The difficulty for the SEC is that Section 2462 does not specify that the commencement of the limitation period is tied to a discovery rule. This is problematic for the agency when arguing before the conservative Robert’s Court which tends to focus on the literal language of the statute. In view of this point the Commission is arguing that the Supreme “Court has repeatedly held that, unless Congress specifies a different rule, the limitations period in a suit for fraud does not begin to run until the plaintiff discovers, or in the exercise of reasonable diligence could have discovered, the facts underlying his claim.” The Commission refines this argument by specifying that it only applies if the claim is fraud. For all other claims the five year time period begins when the cause of action accrues.

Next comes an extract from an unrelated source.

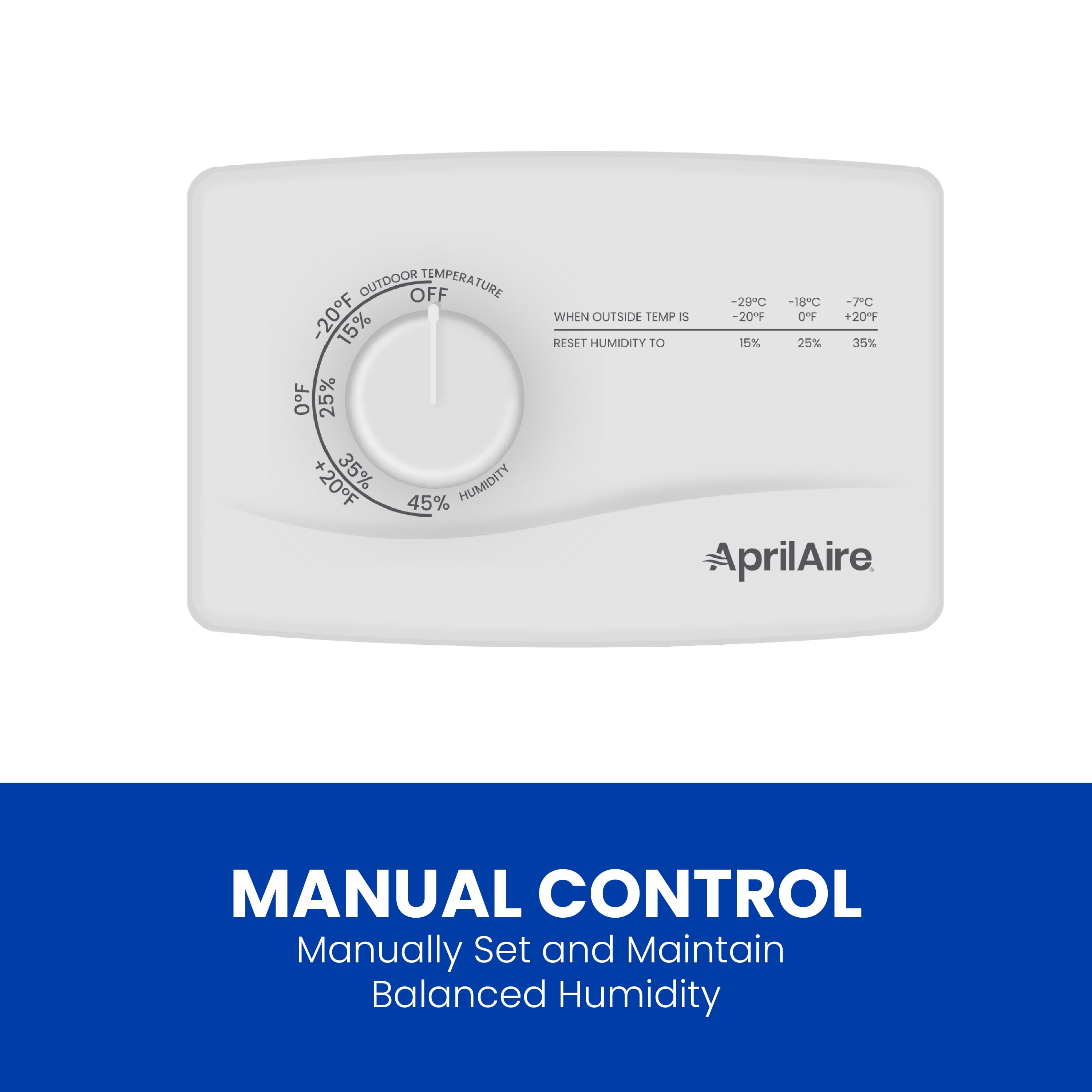 AprilAire 600M Whole-House Furnace Humidifier (Grey, 17 Gallons Per Day) yyoz6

Success for the SEC thus turns on convincing the High Court to read the statute one way if the claim is based in fraud and another if it is not which no help from the text of the statute.

Whether the SEC can prevail in Gabelli may have a significant impact on its enforcement program. Since the Remedies Act the Division has increasingly relied on civil penalties as the remedy of choice. Indeed, last year the SEC called on Congress to increase the ability of the agency to impose fines. If the Court declines the Commission’s invitation to read a discovery rule into Section 2462 it could delimit the remedies available to the agency in some enforcement actions. That in turn may impact the approach taken during investigations and when instituting enforcement actions. Thus while Nekekim may suggest that the Division will continue to at least in part focus on investment fund fraud actions, Gabelli could alter the overall approach of the Division.